Diga di Bric Zerbino
I capricci di un bambino invecchiato
L’ultimo, silente superstite di una catastrofe, poco naturale e troppo umana, si staglia solitario a neanche un’ora di macchina da Genova, nell’alta valle del torrente Orba, fra i comuni di Rossiglione e Molare: 4000 metri quadri di calcestruzzo armato, per un’altezza massima di 47 metri, vanamente protesi fra Bric Zerbino e Bric Saccone per contenere un lago fantasma, per sbarrare un fiume ormai altrove, per ribadire con infantile cocciutaggine una funzionalità del tutto perduta.

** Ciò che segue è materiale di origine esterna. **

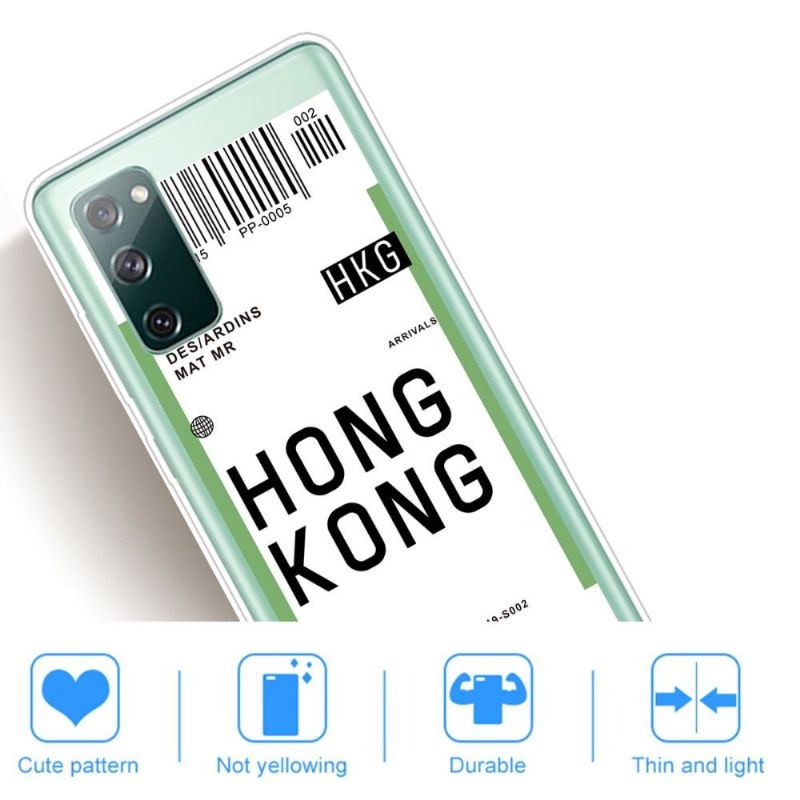 Cover Samsung Galaxy S20 FE Anti-fald Boardingkort 07 Hong Kong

È la diga maggiore del (fu) lago di Ortiglieto, inconsapevole memoriale di un episodio tanto grave quanto misconosciuto: il disastro di Molare, tragico epilogo di una vicenda iniziata sotto i migliori auspici. A fine Ottocento questo angolo dell’appennino aveva destato l’interesse di uno dei massimi esperti italiani di elettricità: l’ingegner Luigi Zunini, progettista capace, imprenditore di successo e insegnante validissimo presso il neonato Istituto “Carlo Erba” del Politecnico di Milano. Fra il 1896 e il 1907 egli propose la realizzazione di un invaso artificiale, destinato inizialmente alla sola fornitura di acqua potabile, in seguito alla produzione idroelettrica, unica via percorribile per un’Italia affamata di energia ma povera di combustibili.